Chinese X Jewish cultures
Supported by the Hong Kong Arts Development Council
All of the works in this exhibition are newly created for the curatorial theme “Little Albert”. I present three different installations that transcend biblical experience to the fast changing Hong Kong, alluding to pseudo-diaspora that individuals are sharing. My works are assemblage of found objects I have collected in my studio in Hong Kong, and materials that I bought from China to build the metaphors.
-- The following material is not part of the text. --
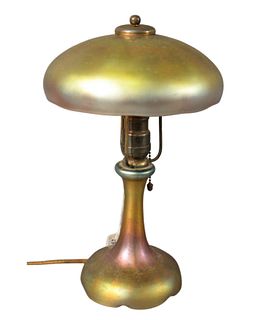 Art Glass Boudoir Lamp, having gold iridescent dome shade over glass base, unmarked, height 14 inches, diameter of shade 8 1/2 inches.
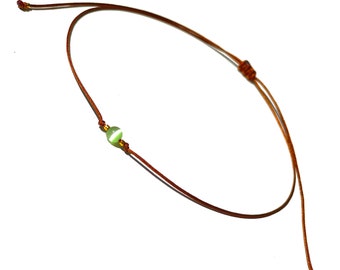 Green selenite choker necklace on brown string with decorative gold-filled beads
Curatorial Statement — About a century ago (1920), American psychologist John Broadus Watson and his assistant conducted a controversial experiment called The Little Albert Experiment. The participant of the experiment, Albert, was about 11-month old. When Albert was playing with a white rat, Watson hit a suspended iron rod with a hammer to make an extremely loud, piercing sound, which made Albert cry and feel scared. Watson used the infant’s conditioned reflex to pair the loud noise with the white rat, making Little Albert afraid of the white rat. Later, Watson found that Little Albert was not only afraid of white rats, but of other furry things as well, such as rabbits, dogs, and seals. When Watson showed up in a Santa Claus mask with a white beard, Little Albert became uneasy, and even showed the same fearful response. Albert lived a short life. He died of brain swelling when he was six. He did not have the opportunity to receive treatment for related trauma. he probably did not know how to deal with these fears — if Albert grew up in another place and time in a parallel universe, what would happen to his growth?
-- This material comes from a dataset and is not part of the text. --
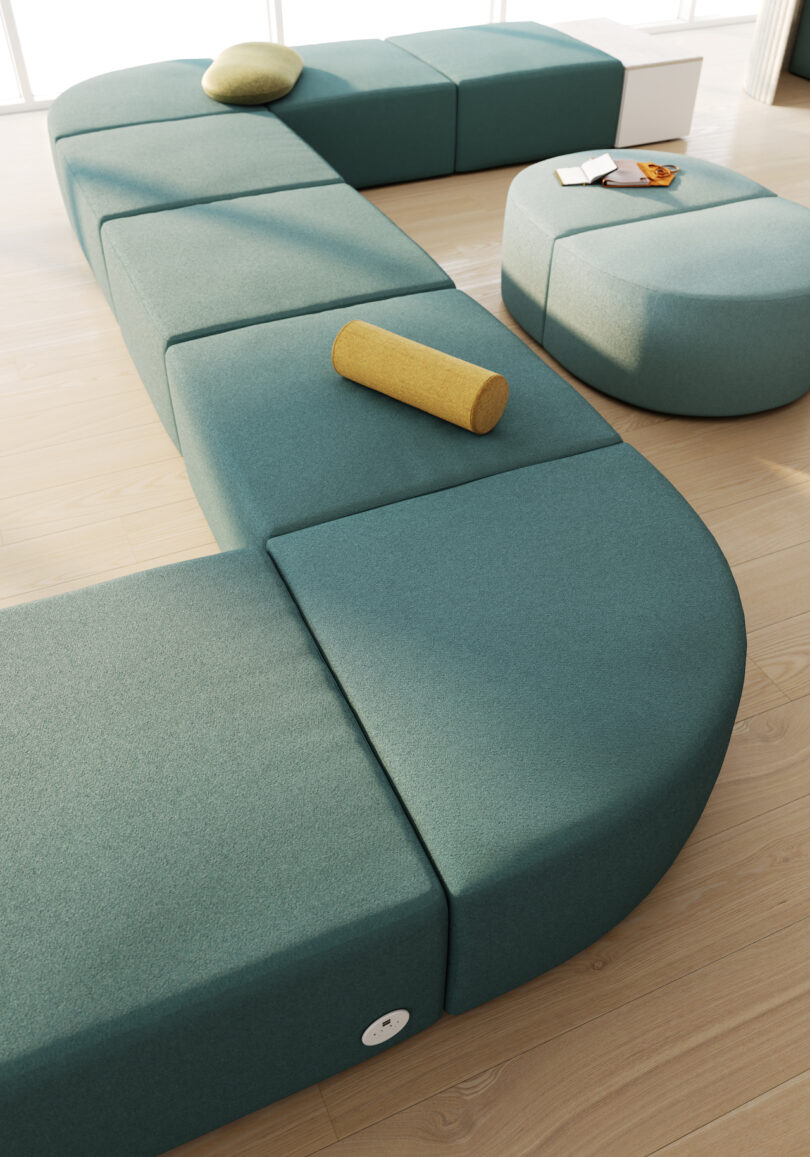 A modern modular seating arrangement with teal upholstered benches and a circular ottoman on a light wood floor. A yellow bolster pillow and a magazine on the ottoman are visible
Over the years, we, whether as individuals or the entire society, have been struck by different “hammers”. Facing predicaments exceeding one’s ability to understand, some are heart-broken but trying their best to live, some end up just like Little Albert failing to ask for help, some choose to run away, and some refuse to forget. In some sense, perhaps there is an Albert in each of our hearts, or, we are all grown-up versions of Albert — However, with our experience, can we really forget all the fears, helplessness, and trauma?
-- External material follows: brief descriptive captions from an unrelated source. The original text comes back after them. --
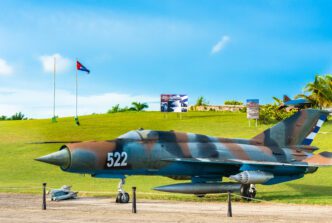Camouflaged Cuban MiG fighter jet displayed outdoors on a grassy hill under a bright blue sky.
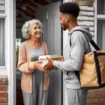 A senior woman receives a meal delivery, highlighting local food assistance for seniors.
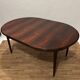 Extendable dining table in Rio rosewood.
Five artists of different media are invited to visit Little Albert from different directions through the imagined grown up Albert. In their works, some use a humorous attitude to deal with, some choose to view humanity from an isolated perspective, some still believe that we should be brave and optimistic about our world. In these precarious times, the curator hopes everyone could see their Albert through this exhibition. Compared to Little Albert from a century ago, today’s Little Albert is not alone.